Think carefully about how to handle symmetry. It would be good to avoid doubling the run-time by doing every comparison twice but don't want to over-complicate or miss results. Likely to be worth making symmetry-handling switchable so that it's easy to test results aren't being missed.

The design needs to handle the initial scan procedures and then the batch update procedures.

Batch-handling

The proposed new scheme for batch handling is a bit more complicated than initially described in the main doc because, in principle all ASAP merges (except the first) are putative until the results are all in because, say, the first merged cluster might turn out to get a better score to one of the mergees in any given pair than the other does, in which case the pair won't be merged.
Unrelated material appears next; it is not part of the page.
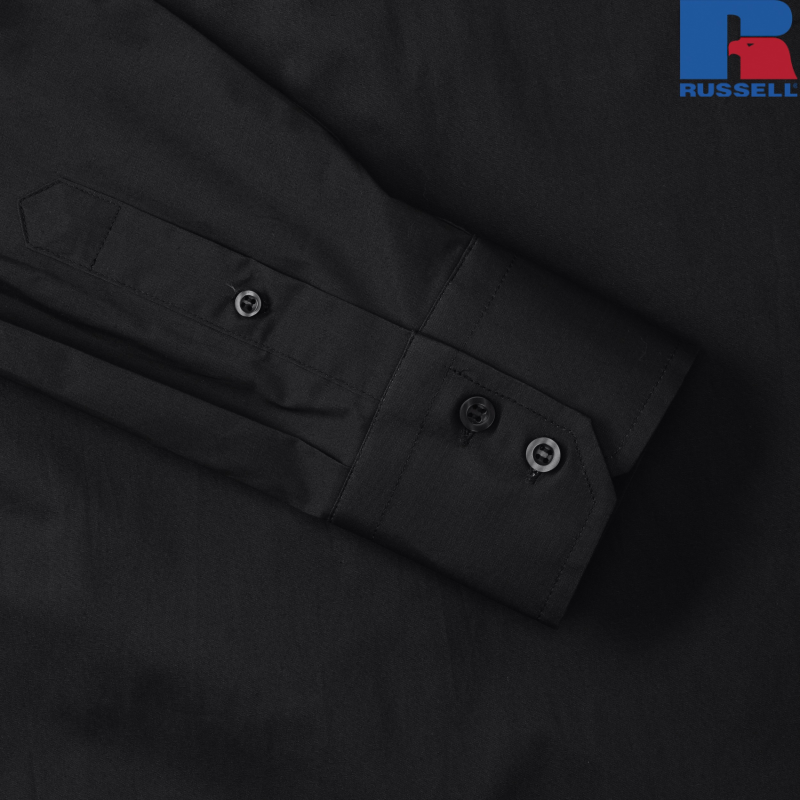 Dopasowana koszula z długim rękawem | Russell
For this reason, when scanning a batch, all the newly formed nodes should be scanned against both the "after" cluster but also the two "before" clusters.

Data-loading

Exactly what needs to be loaded into memory for each pass

Compute Cluster Issues

Q. How to handle having to build all the alignments and profiles before any of the new batch's scans can be performed?

A. Use -hold_jid (or -hold_jid_ad for pairwise dependency between job-arrays — probably not relevant here).

Files

For filenames:

  • when referring to a starting-cluster, use the starting-cluster's ID:
  • when referring to a higher-level node, use an MD5 of the member starting-cluster IDs (in the correct order) Create a term to describe this sort of ID and use the term consistently (including here).

For each node, store an alignment, profile and a human-readable summary .txt file (describing the membership, the commands and the executables' versions). Use an ID as above.

For each scan, store the results in a file that has a name with two ids - one for the query node (as above) and an MD5 of the sorted IDs (as above) being scanned against. May as well always sort that list. No need to have a .txt file describing the scanlist - the results file does that job itself.

This allows data to be re-used (only) where that can be done cleanly.

Steps

  • How to write the partial progress? Will need list of merge-ops that have been committed and possibly a separate list of merge-ops that have been (or are being) computed. Or does that latter list add nothing over the checking for the presence of files that'll have to be done anyway?

Code architecture

  • Trawl have_a_play_around.pl for the sorts of data that will be required and design it in from the start.